Писатель Сталин. Язык, приемы, сюжеты - [15]
«Правильно ли это определение? Я думаю, что правильно. Оно правильно, во-первых, потому, что правильно указывает на исторические корни ленинизма» и т. д.
Часто наличествуют перестановка так называемых сильных и слабых суждений, подмена терминов, ошибки — вернее, фальсификации, — сопряженные с соотношением объема и содержания понятий, с дедуктивными и индуктивными выводами и пр. Имитация каузальных схем приводит к тому, что причины и следствия, ввиду их полной тождественности, свободно меняются местами в общем потоке псевдологической суггестии:
Глубочайшая ошибка новой оппозиции состоит в том, что она не верит в этот путь развития крестьянства, не видит или не понимает всей неизбежности этого пути в условиях диктатуры пролетариата.

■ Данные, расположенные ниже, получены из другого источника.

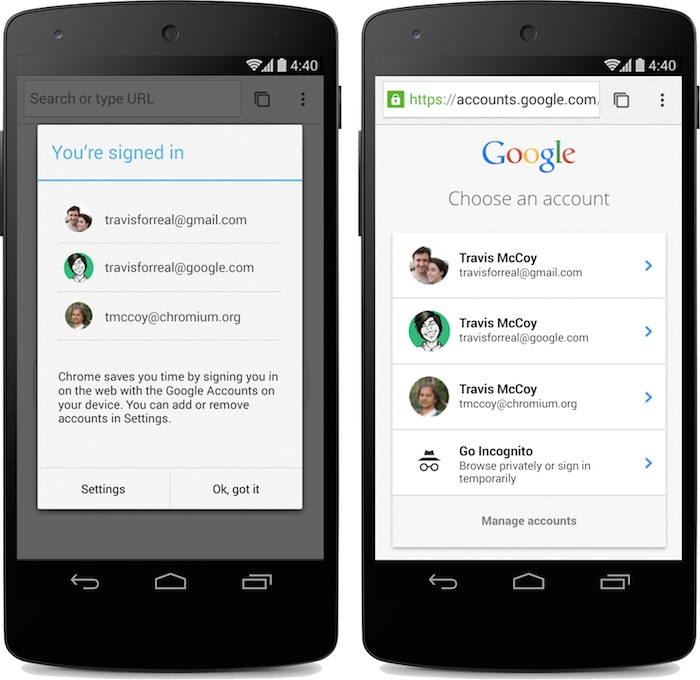 Chrome pour Android : authentification directe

Ошибка как частное следствие общего непонимания уравнивается здесь с самим непониманием, а выше — с неверием, т. е. феноменом не рационально-логическим, а интуитивным. Затем те же смежные, данные в порядке соположения понятия внезапно рисуются как логически соподчиненные, и число их нарастает (забегая вперед, следует отметить и симптоматический примат веры над пониманием):
А не понимает она этого потому, что не верит в победу социалистического строительства в нашей стране, не верит в способность нашего пролетариата повести за собой крестьянство по пути к социализму. [Почему бы не наоборот — «А не верит она в это потому, что не понимает…»?]
Отсюда непонимание двойственного характера нэпа <…>
Отсюда непонимание социалистической природы нашей государственной промышленности <…>.

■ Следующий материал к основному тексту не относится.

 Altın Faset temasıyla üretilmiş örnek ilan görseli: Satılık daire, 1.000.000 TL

Отсюда непонимание <…> громадной работы партии по вовлечению миллионных масс <…>.
Отсюда безнадежность и растерянность перед трудностями нашего строительства.
Всю эту бесконечную цепь выводов можно без малейшего ущерба свернуть в исходное состояние рокового «непонимания» или «неверия» в упоительные возможности советского крестьянства. Надо сказать, что Ленин временами тоже вытягивает «семинарско»-ритмическую цепочку логических производных, разделенных абзацем, — например, в одной статье 1916 года («Здесь „гвоздь“ его злоключений <…> Отсюда — игнорирование <…> Отсюда — упорное свойство…»), — но осмысленность у него имитируется чуть старательнее, тогда как у Сталина эта мнимая последовательность представляет собой чисто декларативное развертывание одинаковых или смежных утверждений, латентно содержащихся в самом первом из них. Вместо каузальной преемственности дается синонимия:
Слова и дела оппозиционного блока неизменно вступают между собой в конфликт <…> Отсюда разлад между делом и словом.
Несчастье группы Бухарина в том именно и состоит, что они <…> не видят характерных особенностей этого периода <…> Отсюда их слепота.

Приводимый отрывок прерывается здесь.